Размах папской власти производил на туристов гнетущее впечатление. Ведя раскопки в поисках сувениров, они наталкивались на нежелание понтификов делиться. К началу XIX века папа уже не «разрешал вывоз из Рима любого, как угодно малого, предмета древности» [73]. За границу не должна была попасть ни «нога старинной статуи, ни кусок барельефа, ни бюст с отбитой головой» [74]. Подобные законы заставляли участников гран-туров, мечтавших вернуться домой со свидетельствами античного величия, забывать о романтических мечтах. Но при этом город остро нуждался в деньгах. В целом экономика Папской области была раздробленной и по большей части аграрной [75]. Производство исчерпывалось мастерскими ремесленников, плотников и художников, а сбыт плодов их труда ограничивался рекой, мало приспособленной для оживленной торговли с внешним миром. Все деньги в городе находились в государственных бумагах, в земле и в сундуках религиозных заведений, много тративших на содержание самих себя и на благотворительность. Знать традиционно делала вложения в недвижимость, в средних и низших слоях знати мало у кого водились живые деньги. Зато бедных в городе было хоть отбавляй, и многие из них были лишены крыши над головой. Две комнатушки при лавке стоили примерно 12 скудо в год, как раз заработок мелкого клерка или прядильщика [76]. Комнаты по всему городу были набиты чужими друг другу людьми: иммигрантами, разнорабочими и вдовами, общим у которых были только их бедственные обстоятельства. Из мягкосердечия или из здравого смысла некоторые хозяева жилья даже не требовали с них долгов – иначе вообще остались бы без съемщиков [77].

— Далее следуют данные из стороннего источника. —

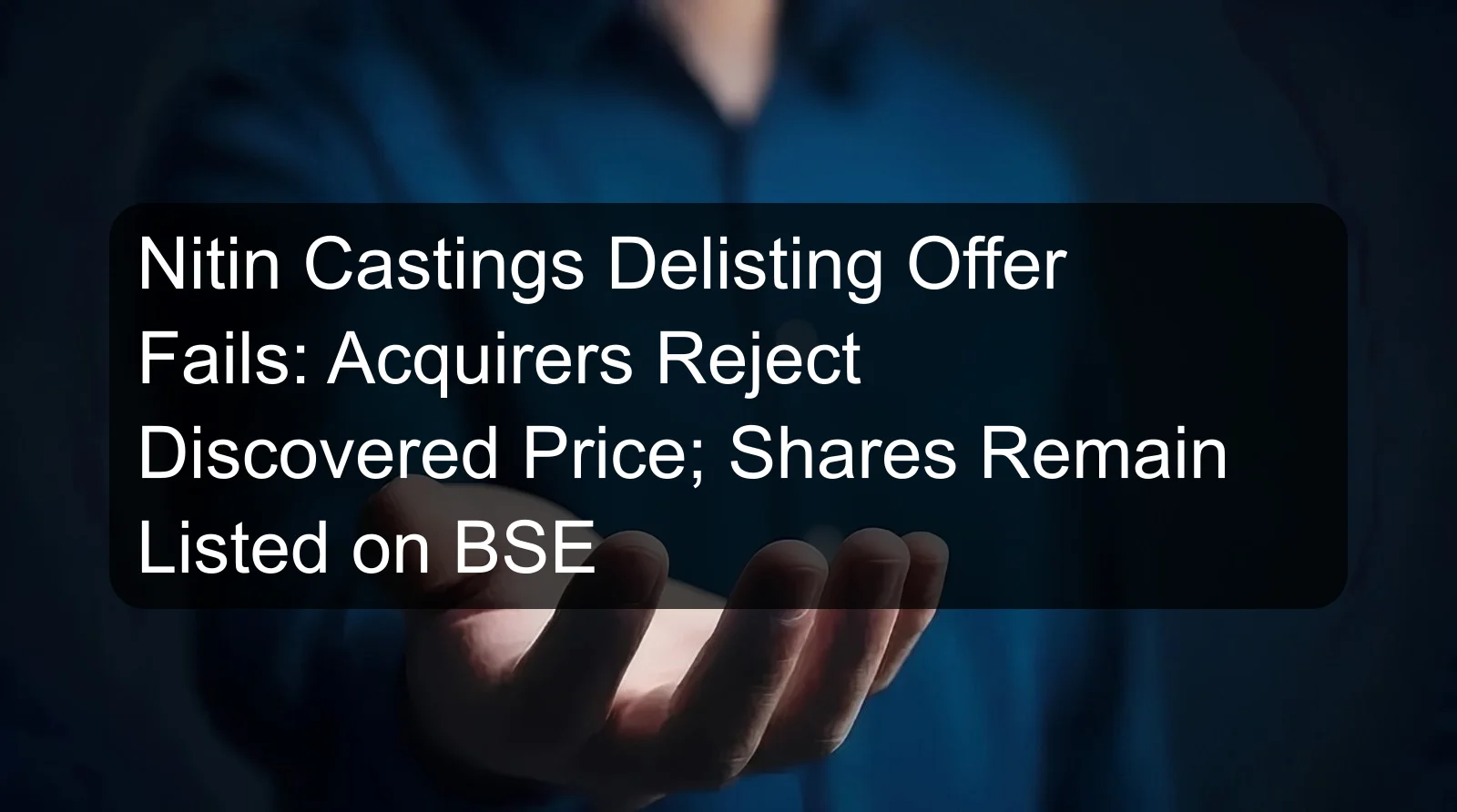 Nitin Castings Delisting Offer Fails: Acquirers Reject Discovered Price; Shares Remain Listed on BSE Nitin Castings Delisting Offer Fails: Acquirers Reject Discovered Price; Shares Remain Listed on BSE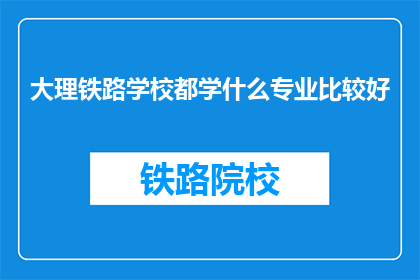 大理铁路学校都学什么专业比较好(大理铁路学校哪些专业值得学习？)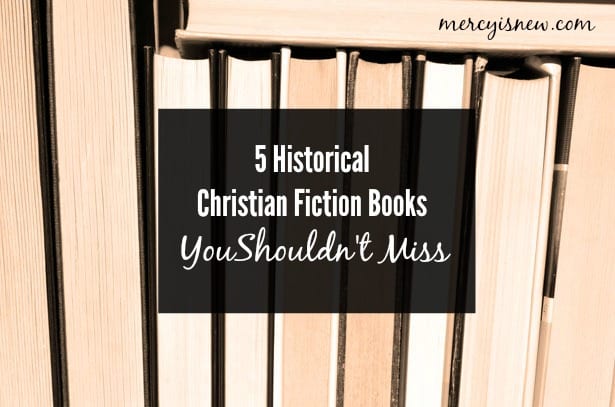 Historical Christian Fiction Books
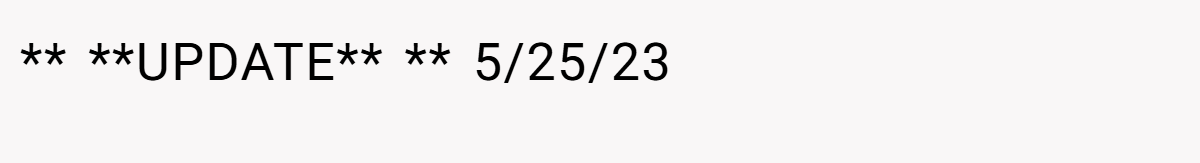 ** **UPDATE** ** 5/25/23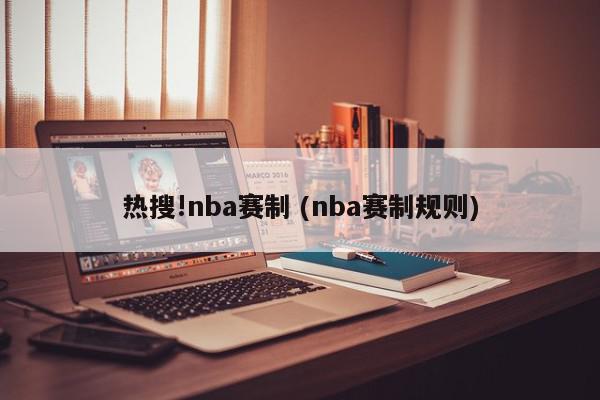 热搜!nba赛制 (nba赛制规则)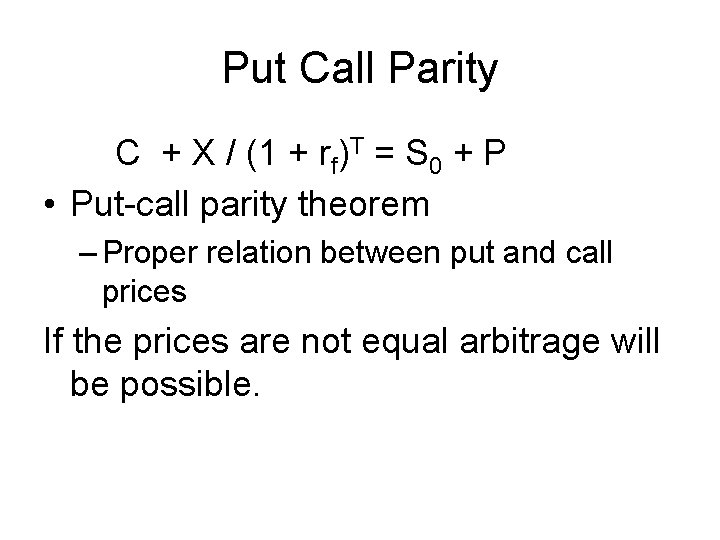 Put Call Parity C + X / (1 + rf)T = S 0 +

В прошлом римляне уже восставали, так почему не протестовать против полной страданий жизни теперь? Население города было немалым, 149 447 человек в 1770 году и 166 948 к 1794 году [78]. В 1775 году французский писатель и географ Габриэль-Франсуа Койе писал, что власть папы сохранится до тех пор, пока он будет «обеспечивать хлеб по твердой цене и низкие налоги» [79]. Второе было достигнуто: самые бедные вообще ничего не платили. Долгое время прямое налогообложение распространялось только на владельцев собственности и запасов муки [80]. Когда в XVII веке злосчастные Итальянские войны заставили отпереть папские закрома, появились потребительские налоги, в частности на вино. Но в целом налоговое бремя составляло всего четверть от того, что платили во Франции подданные Людовика XIV, благодаря чему в Риме удавалось избегать хлебных бунтов, предвещавших гибель абсолютной монархии в других странах. Голод соберет свою жатву в 1760-х годах, но, вообще говоря, самые бедные питались при патерналистских папах лучше, чем потом, при экономическом либерализме XIX века [81]. Улицы вокруг Пьяцца Колонна пропахли вареной капустой, жареным кофе и требухой. Торговцам, нарушавшим правила ценообразования и поддержания качества, грозили суровые наказания, вплоть до непосильной каторги на галерах, которой карали мясников, выдававших говяжью печень за телячью [82]. Пекари, надувавшие покупателей хлеба, рисковали подвергнуться strappado – сбрасыванию с высоты со связанными ногами. Папские твердые цены не позволяли голодать, но имели и свои недостатки. В 1771 году писатель Алессандро Верри мрачно отзывался о рынках Рима: «Скажите, что у нас есть в достатке. Все цены твердые, а значит, слишком низкие, и никто не желает торговать» [83].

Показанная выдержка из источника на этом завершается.